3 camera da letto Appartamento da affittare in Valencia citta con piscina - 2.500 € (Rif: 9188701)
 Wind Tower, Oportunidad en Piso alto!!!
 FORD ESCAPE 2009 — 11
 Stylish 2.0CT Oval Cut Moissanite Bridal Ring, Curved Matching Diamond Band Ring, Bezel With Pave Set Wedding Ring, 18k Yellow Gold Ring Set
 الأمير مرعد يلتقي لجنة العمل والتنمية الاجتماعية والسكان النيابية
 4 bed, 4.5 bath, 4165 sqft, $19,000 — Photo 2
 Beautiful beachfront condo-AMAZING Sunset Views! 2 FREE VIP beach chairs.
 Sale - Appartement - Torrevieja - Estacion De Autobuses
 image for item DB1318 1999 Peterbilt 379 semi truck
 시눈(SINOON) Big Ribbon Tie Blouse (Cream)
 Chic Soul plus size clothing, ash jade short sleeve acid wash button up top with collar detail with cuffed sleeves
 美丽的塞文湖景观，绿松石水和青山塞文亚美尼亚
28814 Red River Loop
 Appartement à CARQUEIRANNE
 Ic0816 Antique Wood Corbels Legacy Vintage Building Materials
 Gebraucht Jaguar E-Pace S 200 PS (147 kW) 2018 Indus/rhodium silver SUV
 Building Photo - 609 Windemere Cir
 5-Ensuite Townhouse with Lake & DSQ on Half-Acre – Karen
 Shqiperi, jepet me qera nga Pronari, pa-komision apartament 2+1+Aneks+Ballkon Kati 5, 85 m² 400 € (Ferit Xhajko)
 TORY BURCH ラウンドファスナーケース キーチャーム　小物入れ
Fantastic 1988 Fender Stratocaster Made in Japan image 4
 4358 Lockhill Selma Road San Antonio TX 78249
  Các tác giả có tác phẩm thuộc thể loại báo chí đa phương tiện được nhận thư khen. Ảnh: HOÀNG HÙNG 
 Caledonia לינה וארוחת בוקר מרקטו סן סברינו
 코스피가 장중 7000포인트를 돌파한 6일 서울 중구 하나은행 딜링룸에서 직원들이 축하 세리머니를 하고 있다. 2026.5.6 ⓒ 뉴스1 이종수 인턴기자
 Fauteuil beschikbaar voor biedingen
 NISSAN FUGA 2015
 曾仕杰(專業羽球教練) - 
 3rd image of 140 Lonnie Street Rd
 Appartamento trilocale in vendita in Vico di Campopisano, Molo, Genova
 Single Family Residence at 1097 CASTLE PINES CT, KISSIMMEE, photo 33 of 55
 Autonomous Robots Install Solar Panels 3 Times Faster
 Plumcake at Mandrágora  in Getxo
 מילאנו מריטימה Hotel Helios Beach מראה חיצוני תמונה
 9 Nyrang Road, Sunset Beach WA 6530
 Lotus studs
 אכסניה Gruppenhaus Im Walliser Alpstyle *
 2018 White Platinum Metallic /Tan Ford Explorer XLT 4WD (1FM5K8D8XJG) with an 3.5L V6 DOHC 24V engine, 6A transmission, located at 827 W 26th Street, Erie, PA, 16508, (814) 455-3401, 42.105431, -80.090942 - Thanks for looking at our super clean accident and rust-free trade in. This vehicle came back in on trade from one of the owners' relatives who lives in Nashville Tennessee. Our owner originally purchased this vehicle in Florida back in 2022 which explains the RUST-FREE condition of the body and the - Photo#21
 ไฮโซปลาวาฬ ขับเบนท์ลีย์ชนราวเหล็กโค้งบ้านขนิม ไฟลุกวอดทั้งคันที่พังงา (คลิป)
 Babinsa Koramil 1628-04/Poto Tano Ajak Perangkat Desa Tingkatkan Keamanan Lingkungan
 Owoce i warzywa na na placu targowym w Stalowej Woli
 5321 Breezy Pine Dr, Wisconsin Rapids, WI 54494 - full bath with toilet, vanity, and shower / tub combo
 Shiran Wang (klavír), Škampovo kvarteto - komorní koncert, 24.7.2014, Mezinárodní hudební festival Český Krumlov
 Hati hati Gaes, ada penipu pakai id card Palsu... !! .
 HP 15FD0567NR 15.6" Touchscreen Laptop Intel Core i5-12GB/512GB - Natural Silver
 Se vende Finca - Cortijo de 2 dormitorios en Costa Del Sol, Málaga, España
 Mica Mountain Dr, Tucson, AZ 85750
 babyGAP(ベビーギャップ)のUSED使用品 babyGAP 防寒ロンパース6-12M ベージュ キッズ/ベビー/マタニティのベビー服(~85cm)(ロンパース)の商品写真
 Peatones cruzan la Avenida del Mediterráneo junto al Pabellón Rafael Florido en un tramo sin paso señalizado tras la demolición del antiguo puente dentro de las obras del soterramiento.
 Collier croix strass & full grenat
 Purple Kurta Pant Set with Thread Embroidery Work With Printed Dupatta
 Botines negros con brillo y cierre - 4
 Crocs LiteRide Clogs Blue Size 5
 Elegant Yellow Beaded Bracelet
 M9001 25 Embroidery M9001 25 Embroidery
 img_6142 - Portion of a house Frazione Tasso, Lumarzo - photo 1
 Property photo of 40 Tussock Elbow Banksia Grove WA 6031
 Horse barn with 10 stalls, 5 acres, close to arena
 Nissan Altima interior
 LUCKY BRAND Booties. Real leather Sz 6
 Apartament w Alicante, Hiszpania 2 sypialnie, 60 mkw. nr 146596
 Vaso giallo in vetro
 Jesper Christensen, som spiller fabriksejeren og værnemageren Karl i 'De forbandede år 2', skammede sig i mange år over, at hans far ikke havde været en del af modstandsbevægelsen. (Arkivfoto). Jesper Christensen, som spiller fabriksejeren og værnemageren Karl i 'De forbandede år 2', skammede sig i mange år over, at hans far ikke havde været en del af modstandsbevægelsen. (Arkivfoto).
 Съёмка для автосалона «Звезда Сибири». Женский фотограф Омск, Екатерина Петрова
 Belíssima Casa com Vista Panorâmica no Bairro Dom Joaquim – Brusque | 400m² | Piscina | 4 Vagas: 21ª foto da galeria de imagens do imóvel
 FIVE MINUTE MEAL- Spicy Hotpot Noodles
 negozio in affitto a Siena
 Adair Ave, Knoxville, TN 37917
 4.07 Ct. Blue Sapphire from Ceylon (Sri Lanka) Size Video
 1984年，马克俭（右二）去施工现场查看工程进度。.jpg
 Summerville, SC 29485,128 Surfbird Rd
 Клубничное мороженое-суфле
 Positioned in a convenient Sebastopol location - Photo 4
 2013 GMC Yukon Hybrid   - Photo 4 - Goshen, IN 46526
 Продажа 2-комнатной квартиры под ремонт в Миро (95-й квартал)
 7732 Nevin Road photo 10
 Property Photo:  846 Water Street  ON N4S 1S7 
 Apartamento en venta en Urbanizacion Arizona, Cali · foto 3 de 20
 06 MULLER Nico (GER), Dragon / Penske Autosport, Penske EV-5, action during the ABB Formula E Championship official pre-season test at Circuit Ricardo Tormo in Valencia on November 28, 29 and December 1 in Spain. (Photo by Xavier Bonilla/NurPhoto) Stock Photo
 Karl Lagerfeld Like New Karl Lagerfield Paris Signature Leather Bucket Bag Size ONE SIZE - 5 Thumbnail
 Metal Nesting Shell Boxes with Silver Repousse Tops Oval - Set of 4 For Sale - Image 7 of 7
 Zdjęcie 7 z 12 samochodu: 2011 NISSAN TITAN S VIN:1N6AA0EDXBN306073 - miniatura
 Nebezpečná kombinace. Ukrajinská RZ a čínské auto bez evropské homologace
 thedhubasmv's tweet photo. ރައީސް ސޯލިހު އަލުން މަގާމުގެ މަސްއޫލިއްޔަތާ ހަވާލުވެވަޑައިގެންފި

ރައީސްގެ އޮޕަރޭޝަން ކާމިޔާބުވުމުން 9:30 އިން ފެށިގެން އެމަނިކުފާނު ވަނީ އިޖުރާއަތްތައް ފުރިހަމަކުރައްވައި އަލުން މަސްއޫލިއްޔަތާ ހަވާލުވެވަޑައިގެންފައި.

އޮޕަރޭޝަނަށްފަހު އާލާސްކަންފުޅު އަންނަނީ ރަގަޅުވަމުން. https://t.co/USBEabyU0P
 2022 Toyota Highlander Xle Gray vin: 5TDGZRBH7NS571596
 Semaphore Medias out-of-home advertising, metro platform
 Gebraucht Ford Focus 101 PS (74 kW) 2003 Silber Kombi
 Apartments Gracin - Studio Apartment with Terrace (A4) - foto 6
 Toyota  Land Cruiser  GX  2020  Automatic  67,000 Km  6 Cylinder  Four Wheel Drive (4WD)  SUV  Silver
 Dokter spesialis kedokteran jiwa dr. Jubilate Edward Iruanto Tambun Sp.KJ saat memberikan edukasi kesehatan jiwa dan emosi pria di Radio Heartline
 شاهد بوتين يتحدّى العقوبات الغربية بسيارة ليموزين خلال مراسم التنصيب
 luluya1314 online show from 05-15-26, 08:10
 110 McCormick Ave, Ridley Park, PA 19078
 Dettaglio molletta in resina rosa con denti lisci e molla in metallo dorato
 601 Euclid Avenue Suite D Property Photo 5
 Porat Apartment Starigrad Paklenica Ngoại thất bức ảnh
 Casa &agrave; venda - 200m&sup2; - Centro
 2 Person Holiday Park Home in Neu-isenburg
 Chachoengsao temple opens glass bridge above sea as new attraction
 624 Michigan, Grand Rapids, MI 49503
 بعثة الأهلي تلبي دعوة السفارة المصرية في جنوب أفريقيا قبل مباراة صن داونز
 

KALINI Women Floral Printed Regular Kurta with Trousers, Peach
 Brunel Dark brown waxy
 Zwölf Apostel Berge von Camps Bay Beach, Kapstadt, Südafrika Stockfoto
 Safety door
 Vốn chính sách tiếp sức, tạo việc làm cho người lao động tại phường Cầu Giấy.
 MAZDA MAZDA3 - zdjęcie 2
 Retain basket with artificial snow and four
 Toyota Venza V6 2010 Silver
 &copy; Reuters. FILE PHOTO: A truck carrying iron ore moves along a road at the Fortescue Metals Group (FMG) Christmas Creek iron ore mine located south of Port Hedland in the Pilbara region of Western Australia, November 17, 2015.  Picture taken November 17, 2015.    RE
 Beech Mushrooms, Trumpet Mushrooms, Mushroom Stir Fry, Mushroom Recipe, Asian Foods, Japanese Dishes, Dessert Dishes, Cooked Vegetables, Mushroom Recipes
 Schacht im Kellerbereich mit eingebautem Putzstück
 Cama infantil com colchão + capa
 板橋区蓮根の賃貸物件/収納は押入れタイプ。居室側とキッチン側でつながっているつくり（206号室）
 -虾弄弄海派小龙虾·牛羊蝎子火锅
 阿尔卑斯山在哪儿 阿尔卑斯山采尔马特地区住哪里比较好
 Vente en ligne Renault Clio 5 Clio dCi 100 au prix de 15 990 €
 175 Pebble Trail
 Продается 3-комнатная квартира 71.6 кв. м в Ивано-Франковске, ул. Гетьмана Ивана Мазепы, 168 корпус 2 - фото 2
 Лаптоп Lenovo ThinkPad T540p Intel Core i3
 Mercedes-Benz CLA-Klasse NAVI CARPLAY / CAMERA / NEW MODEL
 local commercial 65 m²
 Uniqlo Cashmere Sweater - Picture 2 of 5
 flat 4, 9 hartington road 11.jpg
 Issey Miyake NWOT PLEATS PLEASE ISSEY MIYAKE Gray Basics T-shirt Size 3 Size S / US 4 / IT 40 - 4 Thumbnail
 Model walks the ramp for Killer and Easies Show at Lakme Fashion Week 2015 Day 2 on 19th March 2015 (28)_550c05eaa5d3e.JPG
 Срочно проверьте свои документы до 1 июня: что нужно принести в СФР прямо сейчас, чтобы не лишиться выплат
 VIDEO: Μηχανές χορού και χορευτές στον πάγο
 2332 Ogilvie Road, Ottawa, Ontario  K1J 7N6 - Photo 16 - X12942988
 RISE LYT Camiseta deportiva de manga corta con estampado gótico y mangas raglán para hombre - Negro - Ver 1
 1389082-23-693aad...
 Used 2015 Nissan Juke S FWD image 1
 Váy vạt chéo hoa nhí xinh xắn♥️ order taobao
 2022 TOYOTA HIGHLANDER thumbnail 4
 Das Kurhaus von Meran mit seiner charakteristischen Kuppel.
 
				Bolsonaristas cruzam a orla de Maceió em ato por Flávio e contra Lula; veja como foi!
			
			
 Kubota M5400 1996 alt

THE PROBLEM: For the string "Core", give the number of lines in the entries that contain it, with no other words.

EXERCISE RESULT: 2